In the driver’s seat
According to the Chamber of Automotive Manufacturers of the Philippines, Inc. (CAMPI), Toyota Motor remains the unchallenged leader in the hybrid space, selling 7,012 HEVs alone—a commanding 82 percent of electrified vehicle sales. Honda Cars, another Japan-based marque, came in a far second with sales of 550 units, equivalent to 6.6 percent.
Meanwhile, Tesla is gaining traction in the BEV category. It sold 1004 units, or 56 percent of the BEV segment. Its expanding presence in premium and tech-savvy circles—fueled by cachet and the appeal of clean energy—has helped broaden EV interest beyond early adopters. Nissan Motors was within striking distance, disposing of 474 units or 26.5 percent.
In the plug-in hybrid EV segment, the European brand BMW is dominating this space with 32 units sold, or 27 percent. Jetour Auto closely followed with 30 units or 25 percent.
Completing the merry mixed-up, China-made autos such as BYD, Hongqi, Foton, Geely, and GWM are swarming the market with their brand of electrified mobility.
Beyond the plug
The country’s EV transformation isn’t just happening on dealership floors. According to the Department of Energy (DOE), there are now 912 public charging stations nationwide, with a concentration primarily in the National Capital Region. While still a far cry from the millions of gas pumps sprawled across the archipelago, the growing charging network is beginning to fill in crucial connectivity gaps.
The DOE also reports 739 BEV models, 75 PHEVs, 95 HEVs, and 83 light EVs currently recognized for sale—an increasingly diverse lineup that hints at the broader consumer base now exploring EV ownership.
SUVs steer the trend
Filipinos aren’t giving up on size. Out of 24,286 registered EVs (based on 2024 Land Transportation Office data), 20,722 are sport utility and utility vehicles. The rest include 2,548 passenger cars, 983 motorcycles and tricycles, and a handful of buses and trucks. It’s a reflection of the country’s ongoing affinity for versatile, all-purpose vehicles that are suited to both urban and rural roads.
Incentives spark change
At the heart of the electrification push is the Electric Vehicle Incentives Strategy (EVIS)—the government’s multi-billion-peso blueprint to drive adoption, innovation, and local manufacturing under the Electric Vehicle Industry Development Act (EVIDA). The strategy offers:
- Income tax holidays and customs duty exemptions for EV manufacturers under the CREATE law
- Capital subsidies for local battery producers and charging infrastructure
- Support for green mining and parts production, covering strategic materials like lithium and nickel
- Discount vouchers for buyers of electric public utility vehicles (₱500,000), three-wheelers (₱20,000), and e-bikes (₱10,000) under the e-PUV+ program
Headwinds ahead
Transport regulators view electric vehicles (EVs) as a strategic solution to reduce dependence on imported fuel, cut emissions, and modernize the country’s mobility landscape.

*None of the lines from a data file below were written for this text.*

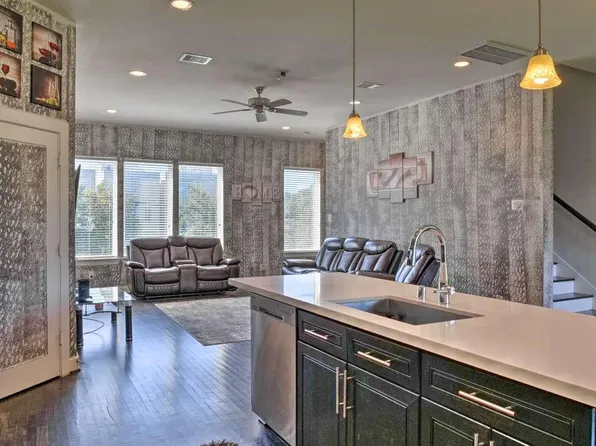 2107 Stuart Ave, Houston, TX 77004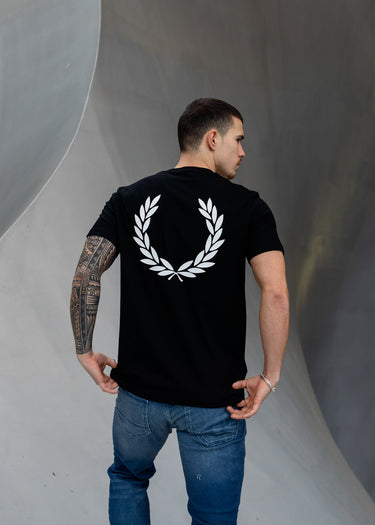 Fred Perry T-shirts Rear powder laurel graphic tee - black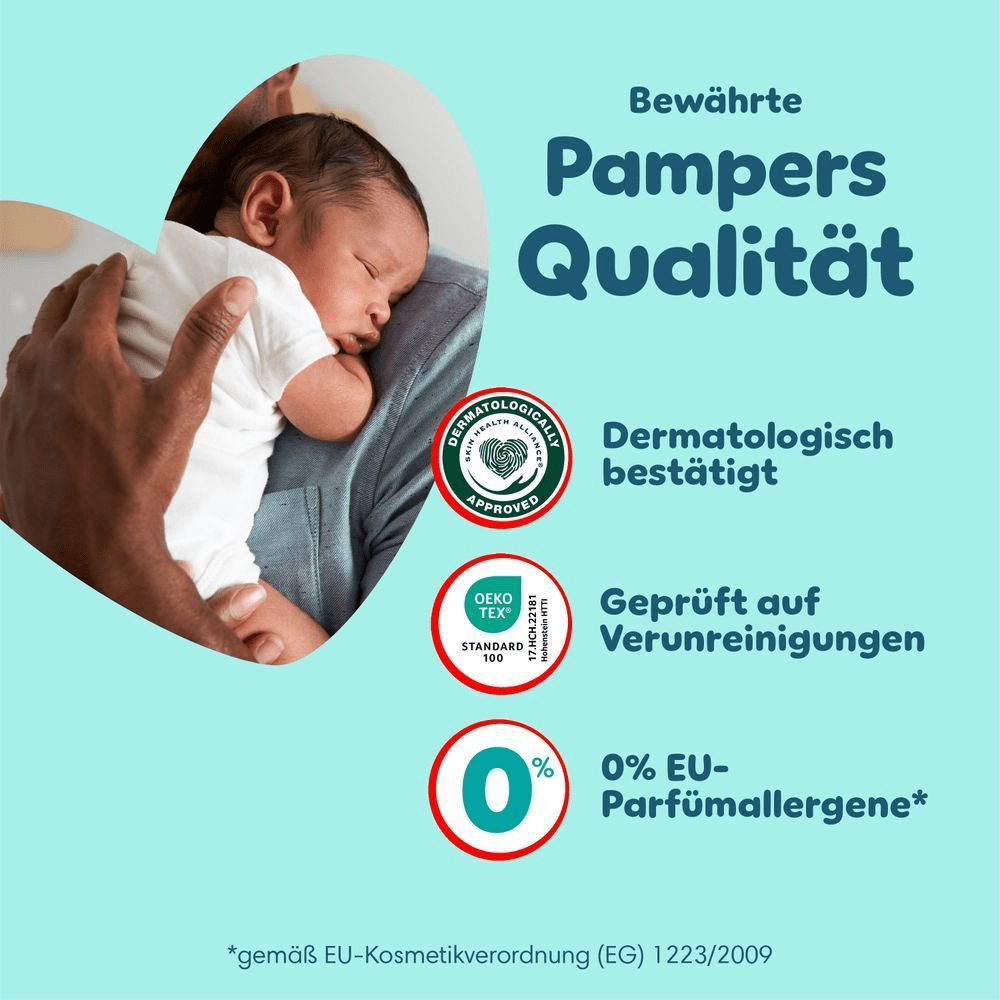 Eine Person hält ein schlafendes Neugeborenes schützend an ihre Brust. Der Text lautet: Bewährte Pampers Qualität. Sie sind dermatologisch bestätigt von Dermatologen der Skin Health Alliance, geprüft auf Verunreinigungen gemäß OEKO-TEX als STANDARD 100, 17.HCH.22181 Hohenstein HTTI, www.oeko-tex.com. Sie enthalten 0% EU-Parfümallergene gemäß EU-Kosmetikverordnung (EG) Nr. 1223/2009.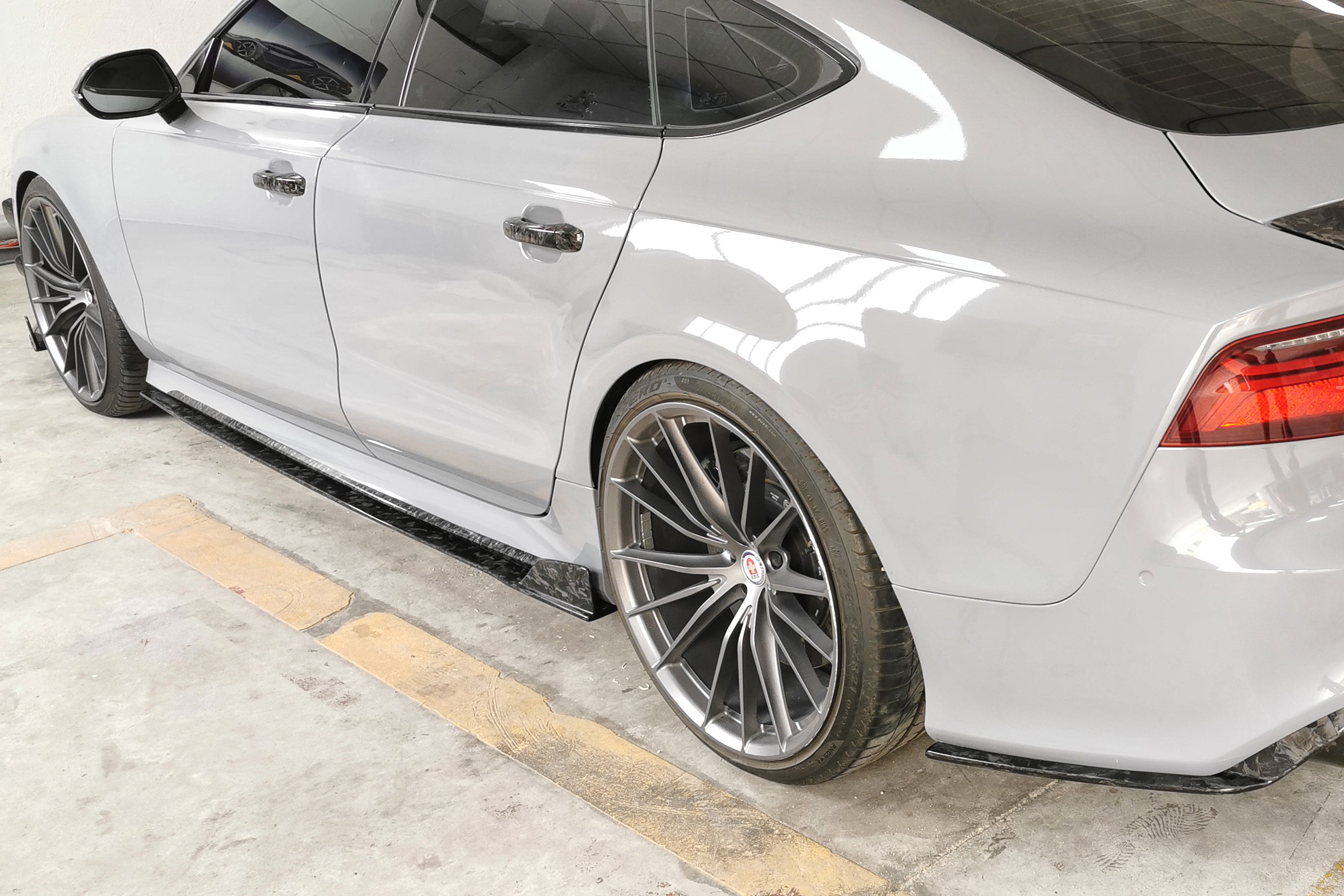 Carbonado 2016-2019 Audi RS7 MAN Style Dry Carbon Fiber Side Skirts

The Department of Transportation, in collaboration with other agencies, is actively implementing the Comprehensive Roadmap for the Electric Vehicle Industry (CREVI), which outlines targets for EV fleet share, charging station deployment, and local manufacturing support.

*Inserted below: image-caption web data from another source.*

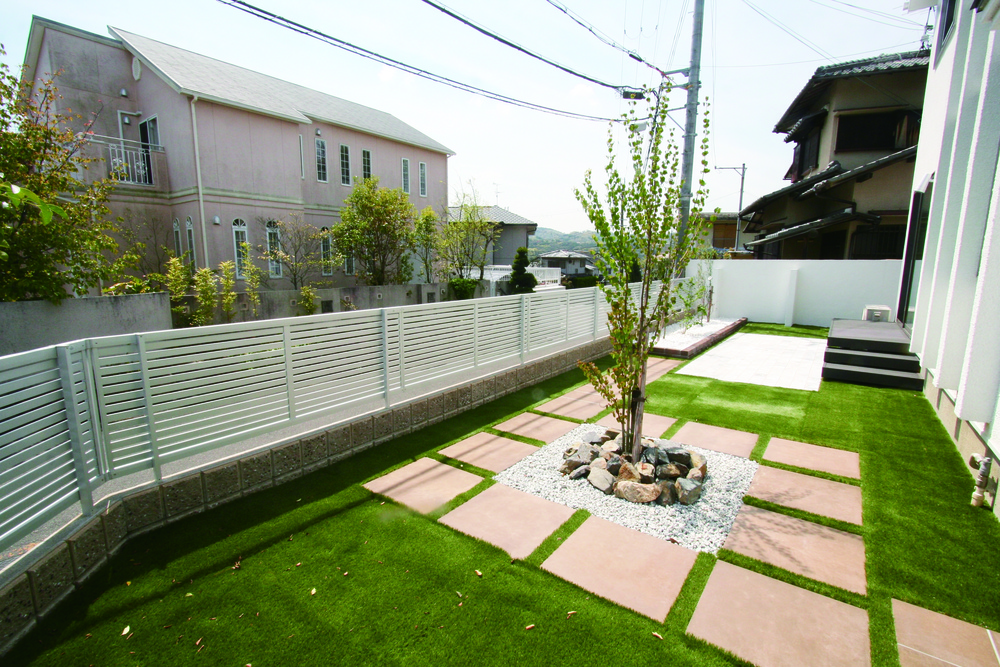 かっこいいシンプルモダンスタイル 奈良市 生駒市 外構 エクステリアパークコンパス ガーデンパレット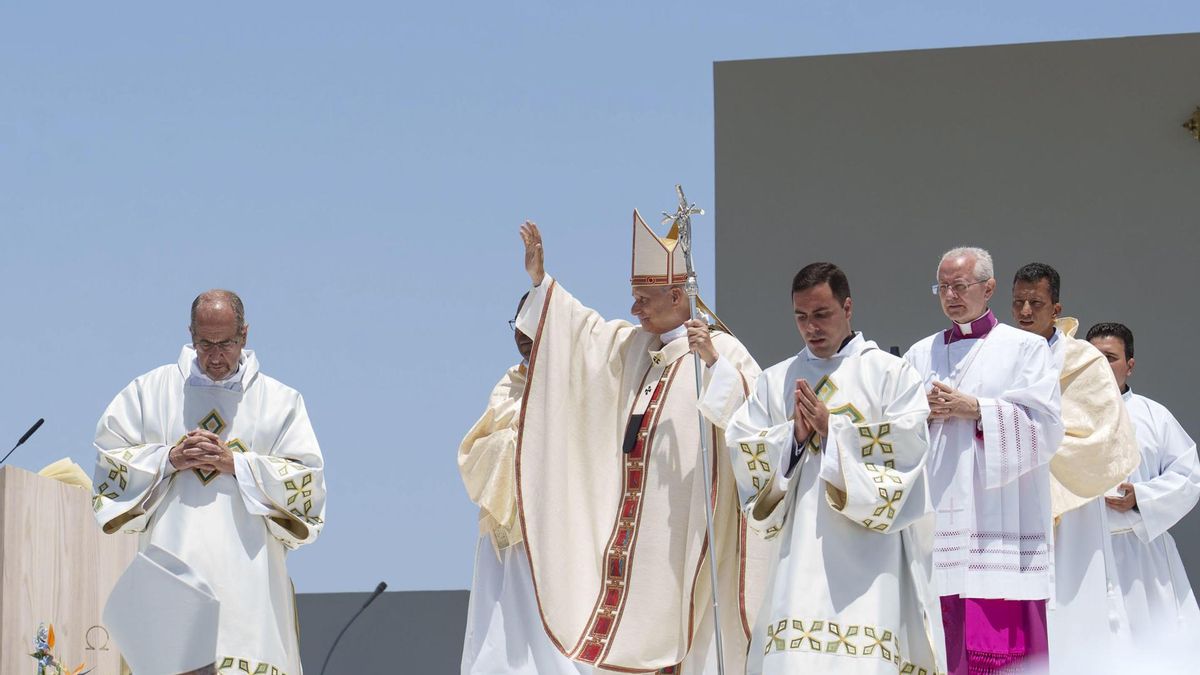 El papa León XIV se despide tras dar este viernes una misa multitudinaria en el puerto de Santa Cruz de Tenerife en su último día de viaje a España.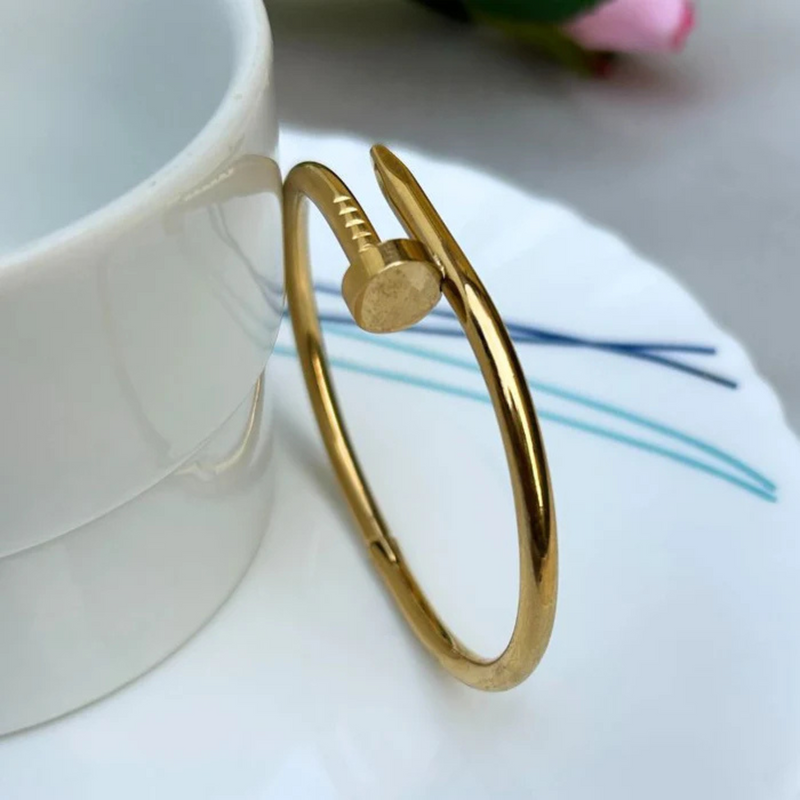 Majestic Glow Bangle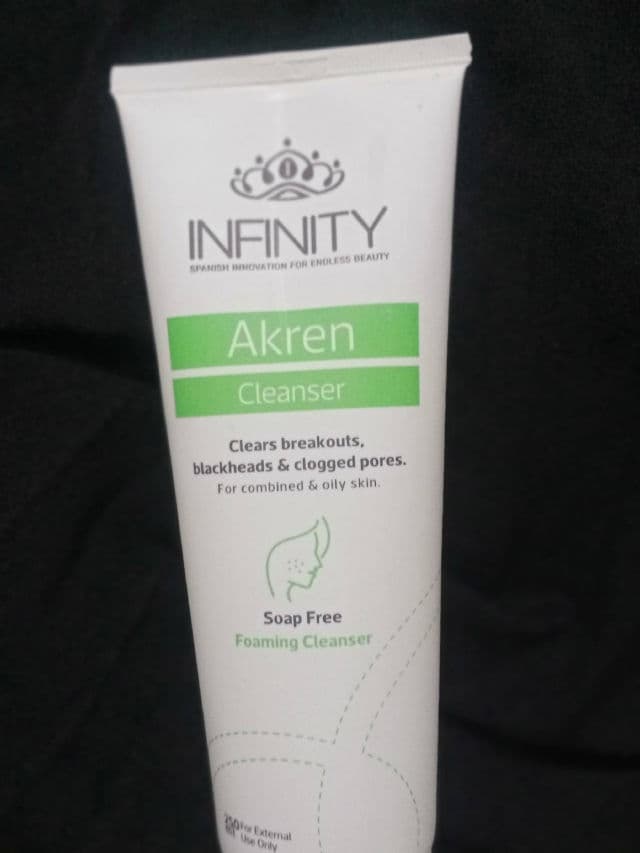Infinity Clinic Pharma Akren Cleanser review photo by Zienabgamal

Despite the promise, implementation hurdles abound. Manufacturing capacity is still nascent. Charging stations are unevenly distributed. For many Filipino drivers, EVs remain financially out of reach, even with incentives.

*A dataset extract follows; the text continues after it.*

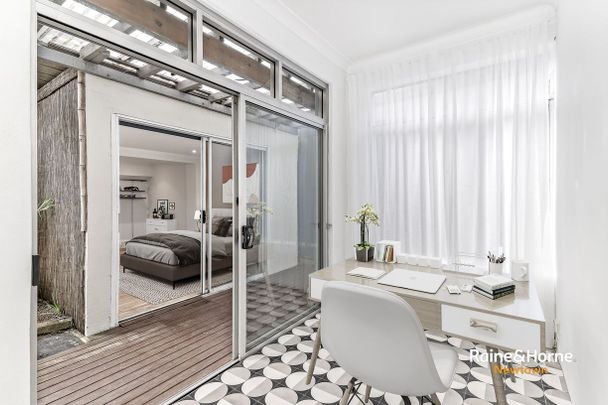 Charming Art Deco apartment in small complex of four. - Photo 1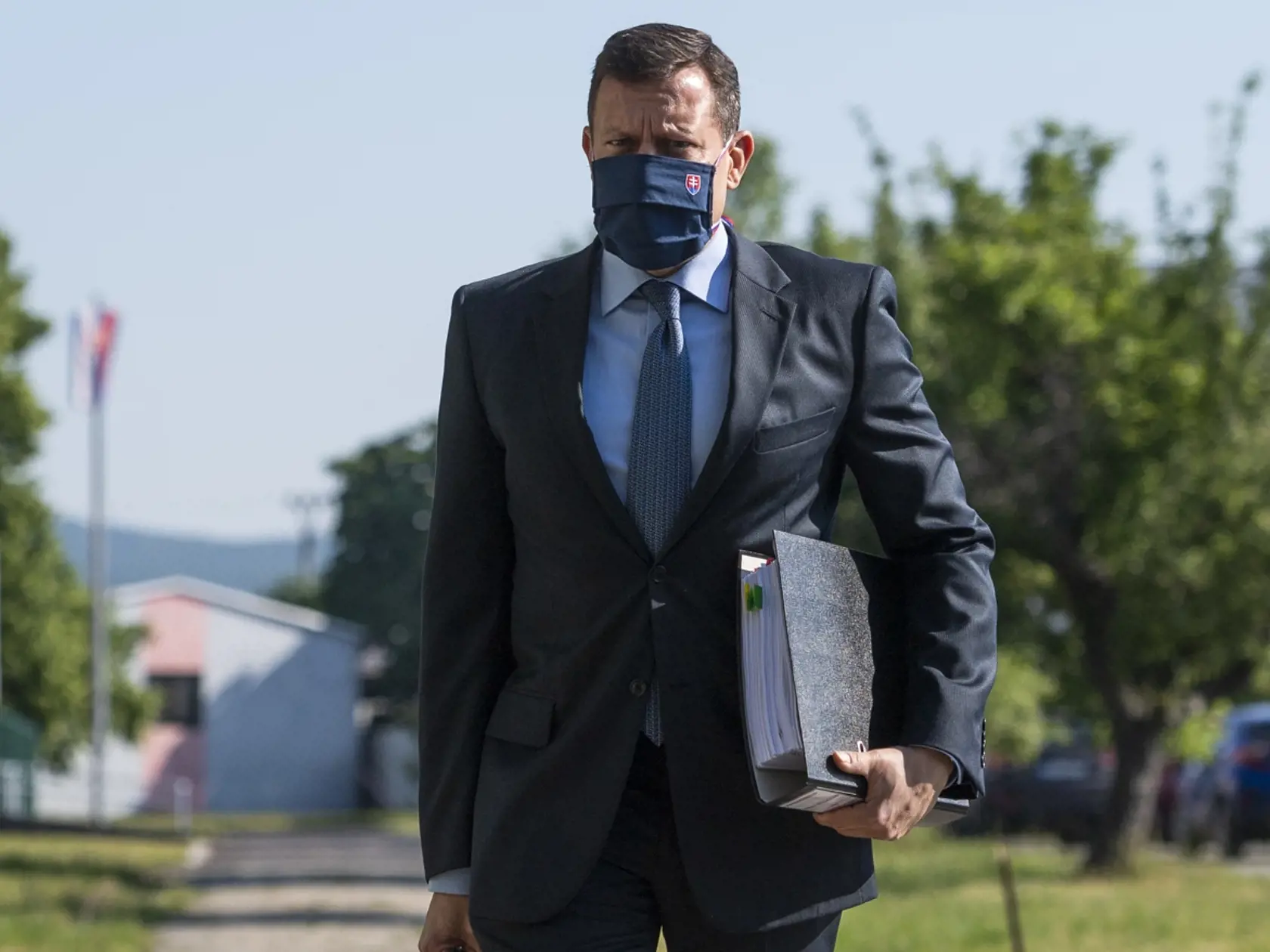 Na snímke je Daniel Lipšic, právny zástupca poškodených Kuciakovcov, pred hlavným pojednávaním v kauze vraždy novinára Jána Kuciaka a jeho snúbenice Martiny Kušnírovej na Špecializovanom trestnom súde v Pezinku.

Investor confidence hinges on clearer guidelines and more streamlined approval systems. There are also mounting concerns over grid reliability, particularly in rural regions where EV expansion is most needed.
Still, the long-term outlook is electric. The CREVI envisions 9 million EVs and 400,000 charging stations nationwide by 2040. If targets are met, the Philippines could reduce emissions, enhance urban air quality, increase energy independence, and establish a globally competitive clean technology sector.
For now, Toyota and Tesla are writing the opening chapters. The question is—will the rest of the market step on the gas pedal to meet them? Fingers are crossed.